● **Task goal**:
Once you have read the records below, restate them word for word.

(Entries taken from a collection)
──────
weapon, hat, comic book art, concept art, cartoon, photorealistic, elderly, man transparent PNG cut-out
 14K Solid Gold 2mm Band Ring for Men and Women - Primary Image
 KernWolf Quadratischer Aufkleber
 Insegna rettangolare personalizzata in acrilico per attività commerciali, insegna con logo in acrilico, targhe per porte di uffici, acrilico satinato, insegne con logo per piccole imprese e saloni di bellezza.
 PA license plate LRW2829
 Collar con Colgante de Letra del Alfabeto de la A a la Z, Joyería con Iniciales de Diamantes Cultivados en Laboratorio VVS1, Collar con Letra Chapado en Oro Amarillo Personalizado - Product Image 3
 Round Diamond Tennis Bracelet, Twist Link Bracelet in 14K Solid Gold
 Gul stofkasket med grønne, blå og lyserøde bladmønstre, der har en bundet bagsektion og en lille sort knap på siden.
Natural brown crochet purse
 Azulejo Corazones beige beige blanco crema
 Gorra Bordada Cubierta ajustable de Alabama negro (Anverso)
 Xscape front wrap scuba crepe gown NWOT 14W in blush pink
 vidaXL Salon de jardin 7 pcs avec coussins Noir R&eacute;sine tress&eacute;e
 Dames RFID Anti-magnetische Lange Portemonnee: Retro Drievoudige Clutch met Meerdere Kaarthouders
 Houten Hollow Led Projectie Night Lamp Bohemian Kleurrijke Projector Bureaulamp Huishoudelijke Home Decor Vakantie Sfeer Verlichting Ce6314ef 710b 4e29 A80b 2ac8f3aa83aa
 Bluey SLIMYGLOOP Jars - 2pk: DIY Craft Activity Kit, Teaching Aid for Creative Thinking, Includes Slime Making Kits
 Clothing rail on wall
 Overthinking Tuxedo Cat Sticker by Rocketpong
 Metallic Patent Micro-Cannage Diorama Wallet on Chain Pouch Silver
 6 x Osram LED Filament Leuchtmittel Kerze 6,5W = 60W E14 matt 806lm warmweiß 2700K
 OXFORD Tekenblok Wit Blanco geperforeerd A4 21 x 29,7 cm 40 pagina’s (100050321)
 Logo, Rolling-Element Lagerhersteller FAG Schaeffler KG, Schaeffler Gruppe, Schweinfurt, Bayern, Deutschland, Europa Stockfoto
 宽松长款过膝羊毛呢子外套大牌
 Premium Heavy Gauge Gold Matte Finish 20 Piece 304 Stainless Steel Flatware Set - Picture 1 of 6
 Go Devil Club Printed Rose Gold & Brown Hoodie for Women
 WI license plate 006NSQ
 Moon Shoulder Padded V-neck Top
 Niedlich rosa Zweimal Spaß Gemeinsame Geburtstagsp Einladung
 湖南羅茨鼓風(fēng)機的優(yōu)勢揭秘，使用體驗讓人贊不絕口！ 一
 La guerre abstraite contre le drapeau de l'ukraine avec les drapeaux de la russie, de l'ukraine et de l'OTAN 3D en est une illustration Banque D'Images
──────
● **Written response**:
weapon, hat, comic book art, concept art, cartoon, photorealistic, elderly, man transparent PNG cut-out
 14K Solid Gold 2mm Band Ring for Men and Women - Primary Image
 KernWolf Quadratischer Aufkleber
 Insegna rettangolare personalizzata in acrilico per attività commerciali, insegna con logo in acrilico, targhe per porte di uffici, acrilico satinato, insegne con logo per piccole imprese e saloni di bellezza.
 PA license plate LRW2829
 Collar con Colgante de Letra del Alfabeto de la A a la Z, Joyería con Iniciales de Diamantes Cultivados en Laboratorio VVS1, Collar con Letra Chapado en Oro Amarillo Personalizado - Product Image 3
 Round Diamond Tennis Bracelet, Twist Link Bracelet in 14K Solid Gold
 Gul stofkasket med grønne, blå og lyserøde bladmønstre, der har en bundet bagsektion og en lille sort knap på siden.
Natural brown crochet purse
 Azulejo Corazones beige beige blanco crema
 Gorra Bordada Cubierta ajustable de Alabama negro (Anverso)
 Xscape front wrap scuba crepe gown NWOT 14W in blush pink
 vidaXL Salon de jardin 7 pcs avec coussins Noir R&eacute;sine tress&eacute;e
 Dames RFID Anti-magnetische Lange Portemonnee: Retro Drievoudige Clutch met Meerdere Kaarthouders
 Houten Hollow Led Projectie Night Lamp Bohemian Kleurrijke Projector Bureaulamp Huishoudelijke Home Decor Vakantie Sfeer Verlichting Ce6314ef 710b 4e29 A80b 2ac8f3aa83aa
 Bluey SLIMYGLOOP Jars - 2pk: DIY Craft Activity Kit, Teaching Aid for Creative Thinking, Includes Slime Making Kits
 Clothing rail on wall
 Overthinking Tuxedo Cat Sticker by Rocketpong
 Metallic Patent Micro-Cannage Diorama Wallet on Chain Pouch Silver
 6 x Osram LED Filament Leuchtmittel Kerze 6,5W = 60W E14 matt 806lm warmweiß 2700K
 OXFORD Tekenblok Wit Blanco geperforeerd A4 21 x 29,7 cm 40 pagina’s (100050321)
 Logo, Rolling-Element Lagerhersteller FAG Schaeffler KG, Schaeffler Gruppe, Schweinfurt, Bayern, Deutschland, Europa Stockfoto
 宽松长款过膝羊毛呢子外套大牌
 Premium Heavy Gauge Gold Matte Finish 20 Piece 304 Stainless Steel Flatware Set - Picture 1 of 6
 Go Devil Club Printed Rose Gold & Brown Hoodie for Women
 WI license plate 006NSQ
 Moon Shoulder Padded V-neck Top
 Niedlich rosa Zweimal Spaß Gemeinsame Geburtstagsp Einladung
 湖南羅茨鼓風(fēng)機的優(yōu)勢揭秘，使用體驗讓人贊不絕口！ 一
 La guerre abstraite contre le drapeau de l'ukraine avec les drapeaux de la russie, de l'ukraine et de l'OTAN 3D en est une illustration Banque D'Images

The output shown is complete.